Regis came to West Bromwich Albion in 1977 as a 19-year-old bright spark (yes, he was an electrician), signed for £5,000 from the non-League club Hayes, and was thrust into the first team due to injury. He scored twice in a League Cup tie at Rotherham.

Livingstone, a 20-year-old Teessider, made his first appearance in the competition this year against Sunderland at a time when Coventry were short of goals, and scored four.

It took Regis the relatively lengthy period of three matches to tally four, a total he reached for this season only last week. They have all been winning goals, though, against Liverpool, Manchester City, Norwich and Chelsea.

The pair will present a formidable threat to Nottingham Forest at the City Ground in tomorrow’s televised first leg of their Littlewoods Cup semi-final the old and the new, the experienced and the raw.

Not that Regis, whose birthday it was yesterday, will thank you for the ‘old’ bit, even though he is the First Division’s oldest striker. At Coventry ‘s training ground he was owning up to 31, not the 32 that the reference books give him. The hair, however, is thinning.

‘I still have another year at Coventry and I am enjoying it.
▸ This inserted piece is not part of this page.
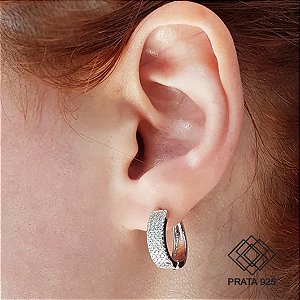 Brinco Argola Prata 925 Zircônias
You do when you’re in semi-finals,’ he says. ‘I want to play at the highest level for as long as I can.’ And he did win the last of his five England caps only two years ago.

He is also enjoying playing alongside Livingstone, teaching him the ropes. ‘When I started at West Brom I came in ahead of more seasoned strikers and my career took off. The same is happening to Steve.’ The pair are currently preferred to Kevin Drinkell, the £800,000 signing from Rangers, only recently fit again, and Gary Bannister.

Cyrille Regis and team mates in the dressing room after Albion’s 1-1 draw against Valencia in the UEFA Cup in 1978. Photograph: Bob Thomas/Getty Images

‘Steve is strong, a good finisher, brave and has some nice touches,’ says Regis. ‘But he is still learning the game. He himself would say that he is a little bit short of pace, but he is very fit and very strong.’ Livingstone is 6ft 1in and 12st 7lb compared with Regis’s muscular 6ft and 13st 6lb.

The criticism at Highfield Road this season has been Regis’s lack of goals, although he has always been a scorer of great goals rather than a great scorer of goals one every three games for WBA, one every four for Coventry .

‘I should really be scoring more. I’ll put my hand up to that,’ he says. ‘But my game has changed from being an out-and-out goalscorer. In the main I do a little bit of scheming, holding the ball up, and I enjoy that role. When the ball comes up you don’t want it to go straight back.’

Regis has been very much central to Coventry’s recent success, quite apart from the three goals he created for Livingstone in the win over Sunderland. Many thought he was making a move equivalent to that from Foreign Office to Ag, Fish and Food when he left WBA, and indeed there was a touch of the agricultural about the way Coventry played at that time in the mid-1980s.

But John Sillett’s arrival as manager brought a rethink, Regis’s ball-holding rather than chasing talents were made more use of, and the FA Cup followed in 1987. He has always been a great athlete-footballer, once performing a 6ft 2in Fosbury Flop high jump (‘just messing about’), and could probably have been a track star like his younger cousin, John.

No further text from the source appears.